Nun war seine junge Herrin allein; denn der oben in der Glockenstube zählte nicht. Mit der Feder in der Hand war er ja nie in der wirklichen Welt; da konnte alles um ihn her niederbrennen, wenn nur die Glockenstube stehen blieb und die Tinte nicht eintrocknete … Dieses Urtheil entsprang jedoch keineswegs irgend welcher Geringschätzung, im Gegentheil, Heinemann war voll Bewunderung; aber in seinen Augen war der gelehrte gnädige Herr Einer, für den man in gewöhnlichen Dingen denken und sorgen mußte, wie für das liebe, unschuldige Ding, die kleine Elisabeth auch.

Nun, er hatte sein Möglichstes gethan, um seiner jungen Herrin die Tageslast zu erleichtern. Er hatte die Ziegen gemolken, frische Eier aus den Hühnernestern genommen und Zuckererbsen zum Mittagessen gepflückt; kleingespaltenes Holz lag neben dem Herde, das Treppenhaus war sauber gefegt, und in Fräulein Lindenmeyer’s Eckstube stand die homöopathische Hausapotheke mit schriftlichen Anweisungen von seiner Hand – er verstehe sich aufs Kuriren wie kein Anderer, versicherte Fräulein Lindenmeyer immer. Wie er dann aber tagsüber nie die Thür im Gartenstaket einklinkte, geschweige denn verschloß, so hatte er es auch heute achtloser Weise unterlassen. Der am Staket placirte Kettenhund schlug ja pünktlich an, sobald sich die Thür von außen her in den Angeln rührte; und was hätte denn aus dem Garten entwischen sollen? Das Hühnervolk hauste hinter einem absperrenden Holzgitter und die Hauskatze bewerkstelligte ohnehin ihre Waldbesuche durch die Fensteröffnungen der Kirchenruine. An das Kind, die kleine Elisabeth, hatte der alte Mann nicht gedacht. Sie war zwar meist seine unzertrennliche Begleiterin im Garten; sie ging auf Tritt und Schritt mit ihm und plauderte unermüdlich, und während seine großen, schwieligen Hände rüstig arbeiteten, antwortete und erzählte er unverdrossen und rieb sich nur dann und wann an der Schürze die Erde von den Fingern, um dem Kinde den verschobenen Hut in die Stirn zu rücken oder der Puppe den bejammerten, aufgelösten Haarzopf mühselig wieder „zusammenzuwürgen“. Aber vor seinen Augen war das kleine Mädchen noch nie bis an die Thür gelaufen, und auch Claudine wußte, daß es sich vor dem Kettenhund fürchtete. Deshalb war sie unbesorgt ihren Hausgeschäften nachgegangen, während das Kind im Garten spielte. Sie hörte durch die offenen Fenster den Puppenwagen über den Kies rollen und mußte öfter lächeln über die Modulation der lieben Kinderstimme, je nachdem sie die Puppen ausschalt oder ihnen zärtliche Kosenamen gab.
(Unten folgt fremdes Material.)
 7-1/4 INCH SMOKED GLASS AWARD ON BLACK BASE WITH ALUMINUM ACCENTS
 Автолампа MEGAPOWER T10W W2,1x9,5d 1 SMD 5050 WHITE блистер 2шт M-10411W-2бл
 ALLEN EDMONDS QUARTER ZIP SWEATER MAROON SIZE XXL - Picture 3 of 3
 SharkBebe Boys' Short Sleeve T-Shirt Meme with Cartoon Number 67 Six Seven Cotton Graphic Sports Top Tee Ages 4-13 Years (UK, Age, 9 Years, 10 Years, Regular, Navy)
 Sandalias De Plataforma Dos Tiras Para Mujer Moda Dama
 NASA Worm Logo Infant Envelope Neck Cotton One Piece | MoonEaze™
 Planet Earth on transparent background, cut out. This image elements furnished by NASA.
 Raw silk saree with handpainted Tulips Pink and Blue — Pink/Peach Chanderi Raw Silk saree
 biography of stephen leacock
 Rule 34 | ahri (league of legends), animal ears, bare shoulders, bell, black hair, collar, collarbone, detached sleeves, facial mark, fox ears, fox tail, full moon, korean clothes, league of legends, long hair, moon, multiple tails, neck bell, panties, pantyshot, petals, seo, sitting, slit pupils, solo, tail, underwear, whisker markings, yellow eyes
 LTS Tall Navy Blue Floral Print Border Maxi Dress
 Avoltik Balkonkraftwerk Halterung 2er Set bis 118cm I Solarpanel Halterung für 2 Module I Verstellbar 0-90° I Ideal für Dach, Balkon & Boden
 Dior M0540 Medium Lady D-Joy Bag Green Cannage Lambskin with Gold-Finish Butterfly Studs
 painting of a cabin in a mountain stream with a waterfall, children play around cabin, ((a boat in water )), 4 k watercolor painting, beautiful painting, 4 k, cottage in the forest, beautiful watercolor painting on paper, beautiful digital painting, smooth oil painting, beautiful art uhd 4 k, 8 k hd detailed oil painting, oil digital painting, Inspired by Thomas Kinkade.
So war es gegen Mittag geworden. Die Tageshitze stieg. Nur selten zog eine vereinzelt segelnde Wolke träge über die Sonnenscheibe hin und warf auf den Garten einen momentanen Schatten, wohlthuend und verdunkelnd, als ob ein riesiger Vogel seine Schwingen mitleidig über alle die hängenden und schmachtenden Blumenköpfchen breite.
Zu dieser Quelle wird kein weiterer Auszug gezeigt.